Warning: Work in progress! Leave feedback on Zulip or Github if you'd like this doc to be updated.

YSH Expression Language

This chapter in the Oils Reference describes the YSH expression language, which includes Egg Expressions.

Table of Contents
Literals
bool-literal
int-literal
rune-literal
str-literal
triple-quoted
list-literal
dict-literal
range
block-literal
expr-lit
Operators
concat ++
ysh-compare
ysh-logical
ysh-arith
ysh-bitwise
ysh-ternary
ysh-index
ysh-slice
func-call
thin-arrow
fat-arrow
match-ops
Eggex
re-literal
re-primitive
class-literal
named-class
re-repeat
re-compound
re-capture
re-splice
re-flags
re-multiline

Literals

bool-literal

YSH uses JavaScript-like spellings for these three "atoms":

true   false   null

Note that the empty string is a good "special" value in some cases. The null value can't be interpolated into words.

int-literal

var myint = 42
var myfloat = 3.14
var float2 = 1e100

rune-literal

#'a'   #'_'   \n   \\   \u{3bc}

str-literal

Double quoted strings are identical to shell:

var dq = "hello $world and $(hostname)"

Single quoted strings may be raw:

var s = r'line\n'      # raw string means \n is literal, NOT a newline

Or escaped J8 strings:

var s = u'line\n \u{3bc}'        # unicode string means \n is a newline
var s = b'line\n \u{3bc} \yff'   # same thing, but also allows bytes

Both u'' and b'' strings evaluate to the single Str type.
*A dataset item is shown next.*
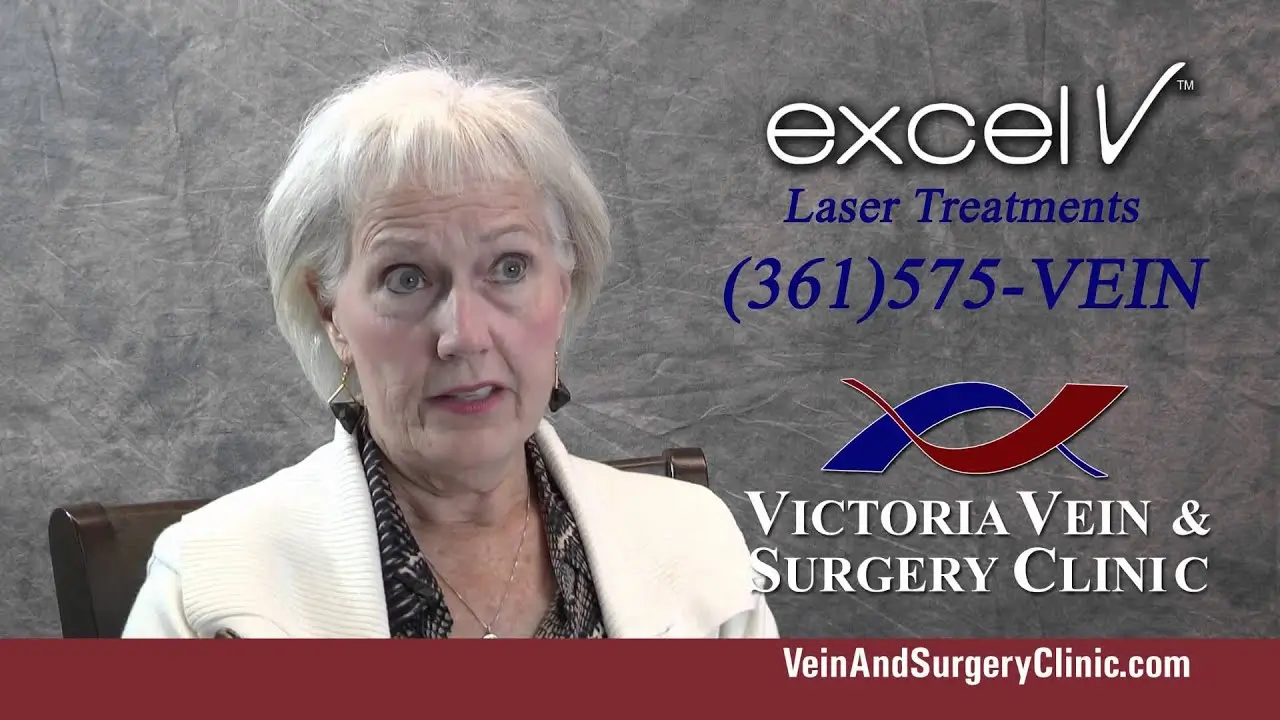 Older woman advertising vein laser treatments clinic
The difference is that b'' strings allow the \yff byte escape.


There's no way to express a single quote in raw strings. Use one of the other forms instead:

var sq = "single quote: ' "
var sq = u'single quote: \' '

Sometimes you can omit the r, e.g. where there are no backslashes and thus no ambiguity:

echo 'foo'
echo r'foo'  # same thing

The u'' and b'' strings are called J8 strings because the syntax in YSH code matches JSON-like data.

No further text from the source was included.